Dataset extract:
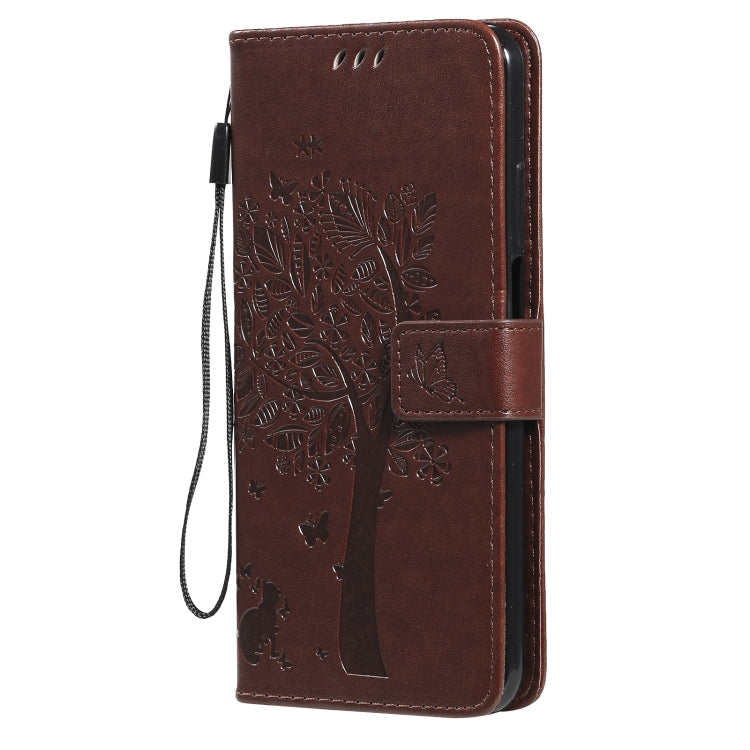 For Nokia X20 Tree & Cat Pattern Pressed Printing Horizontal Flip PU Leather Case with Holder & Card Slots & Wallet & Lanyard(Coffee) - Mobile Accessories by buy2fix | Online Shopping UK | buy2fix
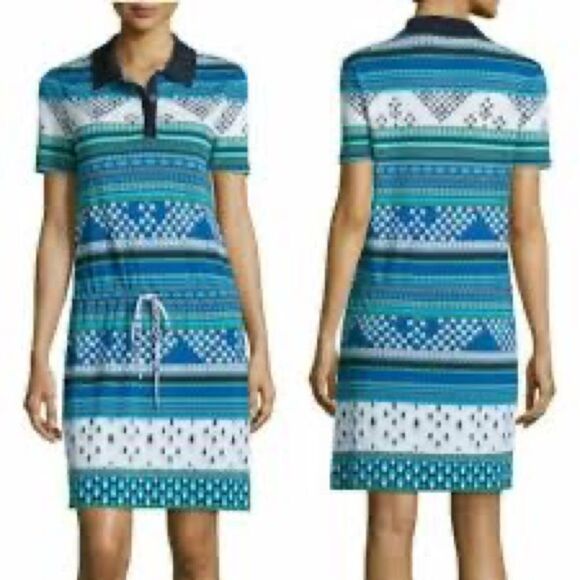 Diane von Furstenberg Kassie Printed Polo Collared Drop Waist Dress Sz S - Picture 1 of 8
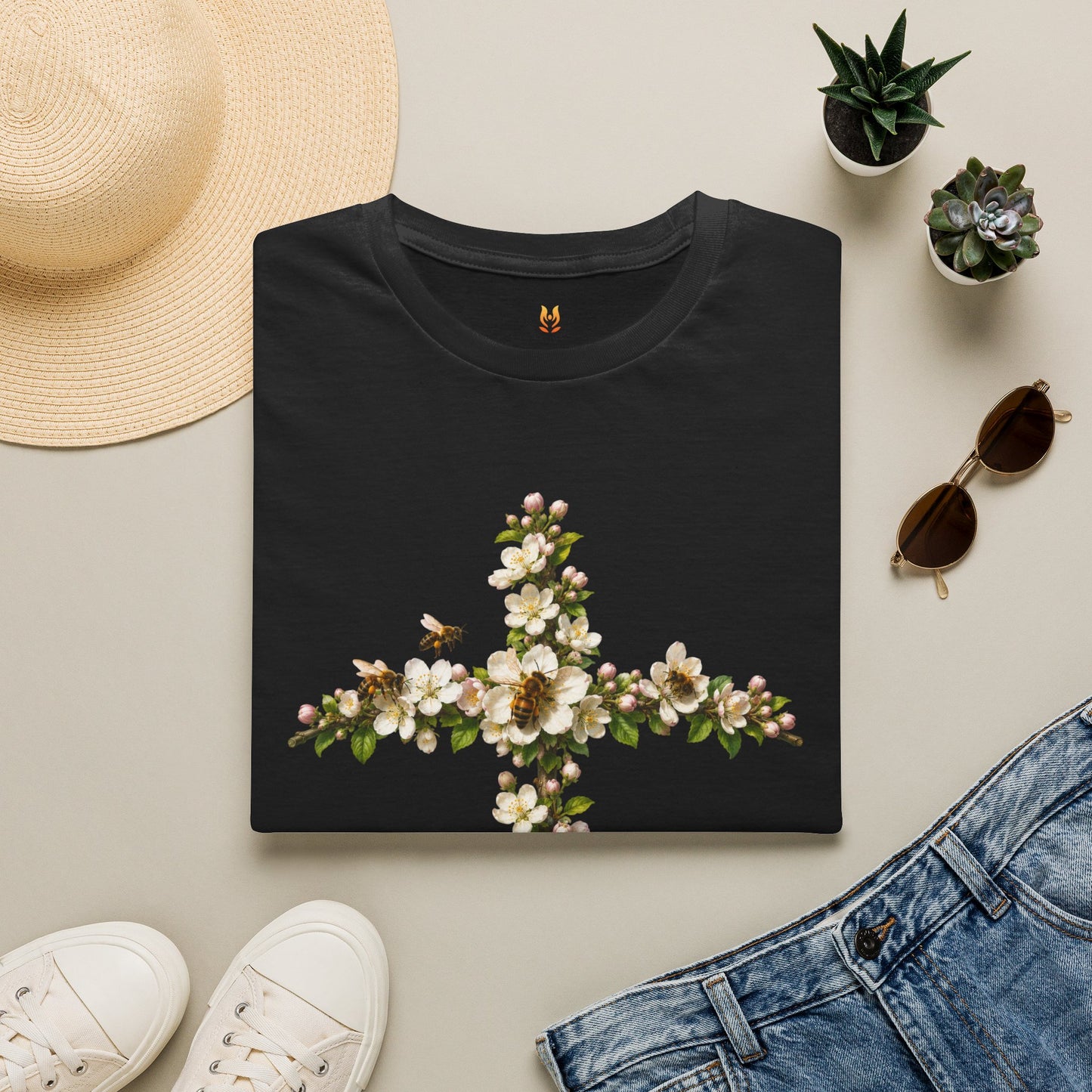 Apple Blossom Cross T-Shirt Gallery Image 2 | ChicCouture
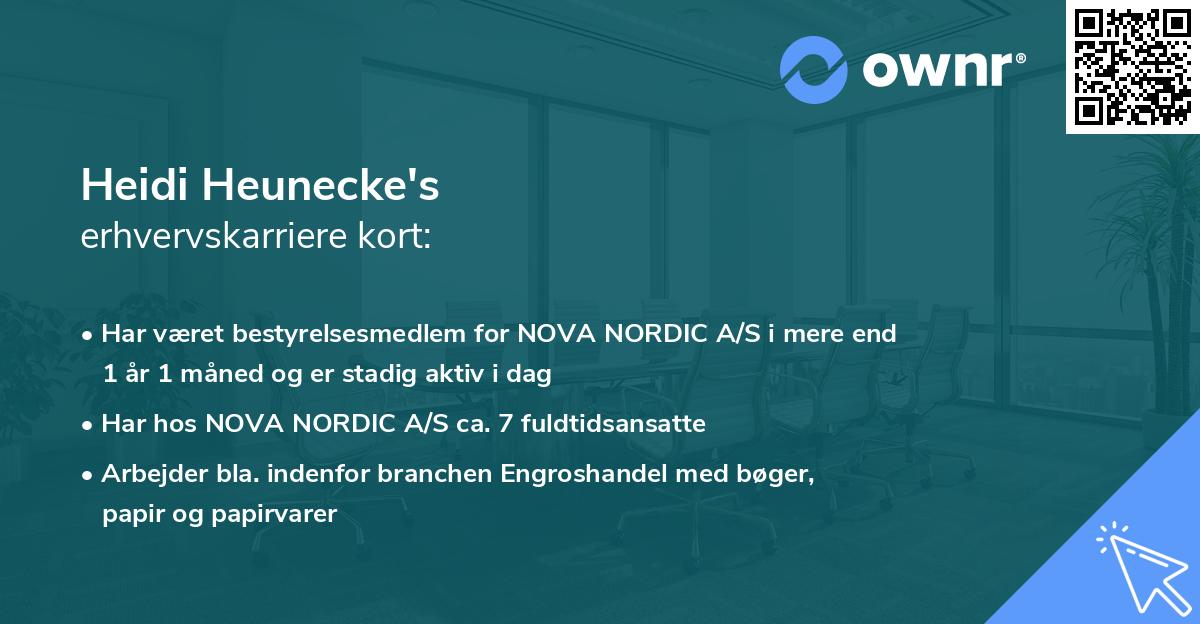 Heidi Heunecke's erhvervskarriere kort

Exercise brief:
Give the listing again exactly, minus its images.

Answer to the problem:
 For Nokia X20 Tree & Cat Pattern Pressed Printing Horizontal Flip PU Leather Case with Holder & Card Slots & Wallet & Lanyard(Coffee) - Mobile Accessories by buy2fix | Online Shopping UK | buy2fix
 Diane von Furstenberg Kassie Printed Polo Collared Drop Waist Dress Sz S - Picture 1 of 8
 Apple Blossom Cross T-Shirt Gallery Image 2 | ChicCouture
 Heidi Heunecke's erhvervskarriere kort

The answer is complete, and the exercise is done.